IP litigation may be his main bag of tricks, but for Cravath Swaine litigator David Herrington, saving a man from Tennessee’s death row has become something the fifth year Big Law associate has become passionate about. And he’s just achieved another step towards moving his client off death row.

Cleary deathrow

In a pro bono victory for Cleary Gottlieb Steen & Hamilton lawyers, a Tennessee appeals court has vacated the 1985 felony murder conviction of former death row inmate Erskine Johnson and remanded his case for a new trial.

The decision—issued on December 9 by the Tennessee Criminal Appeals Court in Jackson—was in large part the product of new evidence turned up by a Cleary team that over the past 15 years has spent at least 15,000 hours on the case while getting contributions from more than 25 of the firm’s lawyers.

The ruling is particularly sweet for Cleary counsel David Herrington (pictured). The 48-year-old IP litigation specialist presented the oral argument that resulted in the December 9 decision and has been involved in the matter since he was a fifth-year associate, when Cleary first began advocating on Johnson’s behalf.

Johnson, 53, remains in prison while state attorney general Robert Cooper, Jr., decides whether to retry him, which the Shelby County prosecutor has asked him to do, according to local news reports.

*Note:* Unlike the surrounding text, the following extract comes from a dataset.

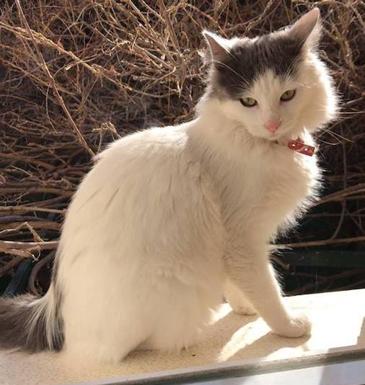 Gatita perdida por Malpartida de Cáceres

Cooper has at least 30 days to file a retrial motion, while Johnson’s legal team hopes to get Johnson released from custody as soon as possible.

Herrington says Johnson “was in a state of shock” when he called him at the Riverbend Maximum Security Institution to tell him about the decision. “When he could absorb the news,” says Herrington,”he was completely elated.”

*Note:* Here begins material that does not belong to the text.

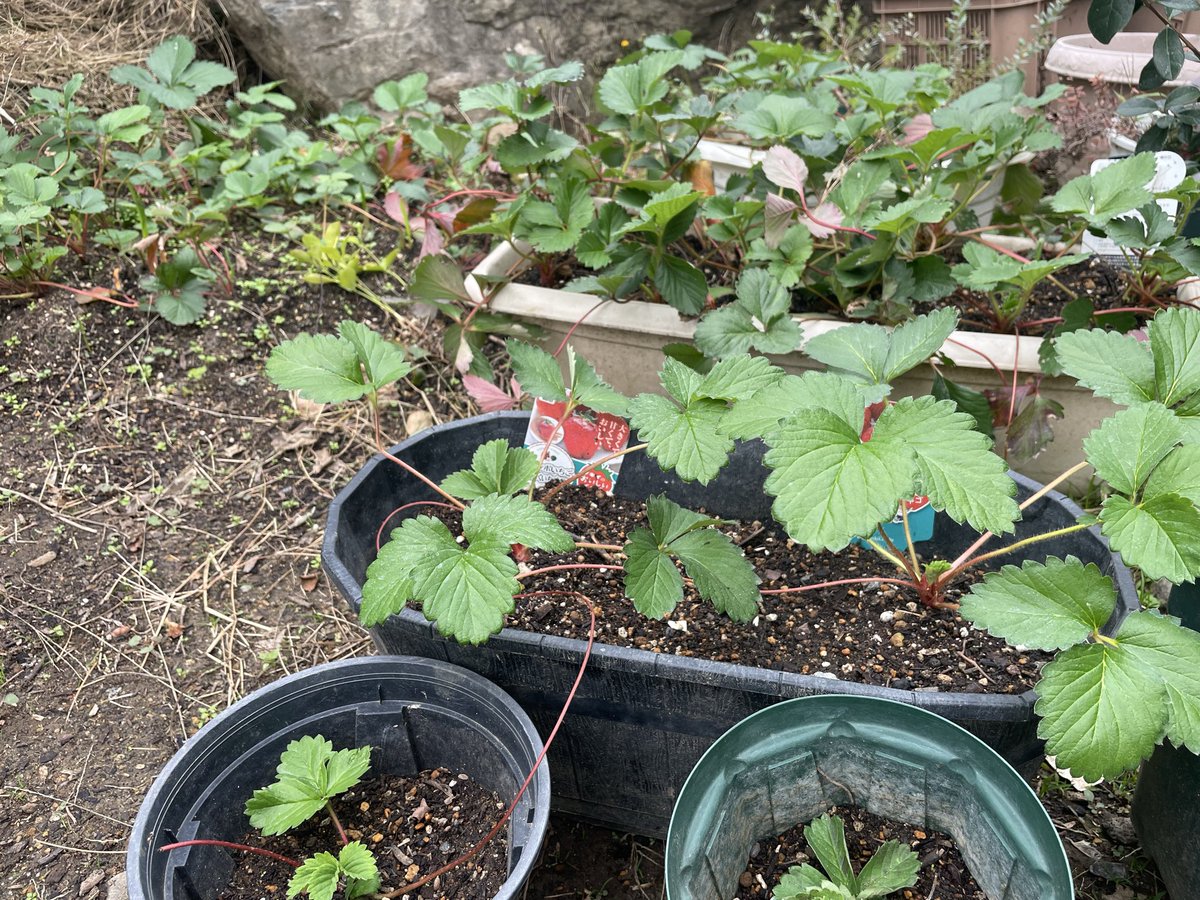 ストロベリー様　確認ページ 🍓ぶるぅ💙🐈‍⬛🌙.*·̩͙ on X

Johnson’s legal odyssey has been filled with twists and turns. A resident of St. Louis, he was charged with aggravated murder in connection with the 1983 shooting death of Memphis grocery store manager Joe Belenchia during a robbery.

Despite his pleas of innocence, Johnson—who is known today as Ndume Olatushani—was convicted and sentenced to death in 1985 based on the testimony of a store customer who identified him as Belenchia’s killer, though he said he was uncertain about the identificaiton, as well as another witness who said she had been told that Johnson murdered the store manager.

Cleary entered the case in 1995 after receiving a referral from the NAACP’s capital punishment unit and the New York City Bar Association, Herrington says. (Prior to that, according to Herrington, Johnson was incarcerated in California on an unrelated charge.) Herrington and Cleary partners David Brodsky and John Blackman flew to Nashville, met with Johnson on death row, then made their way to Memphis to begin their investigation.

Herrington recalls that the Cleary team got its first break while poring over prosecution and police records. Those records, he says, showed that prosecutors had withheld information from Johnson that supported his claims of innocence.

Among other things, Herrington says, the Cleary lawyers turned up testimony from a store customer who had identified a member of the local “Brown Gang,” not Johnson, as the gunman, as well as testimony from a teenager who had told police that he saw two members of the Brown Gang changing the license plate on the alleged getaway car just before the robbery occurred. The Cleary lawyers also learned that police knew the car in question had been stolen from the St. Louis airport, and that members of the gang often stole cars there and brought them to Memphis.

The potentially exculpatory evidence gave the Cleary team what it needed to seek to overturn Johnson’s conviction on so-called Brady grounds. The trial court rejected the claim as insufficiently compelling, but in 1999, the Tennessee appeals court reversed the death penalty sentence on another ground: that the state had withheld a police crime scene report establishing that a stray bullet that grazed a customer during the shooting—the “aggravated circumstance” that had initially opened the door to the death penalty—could not have come from the same direction as the bullet that killed the shopkeeper.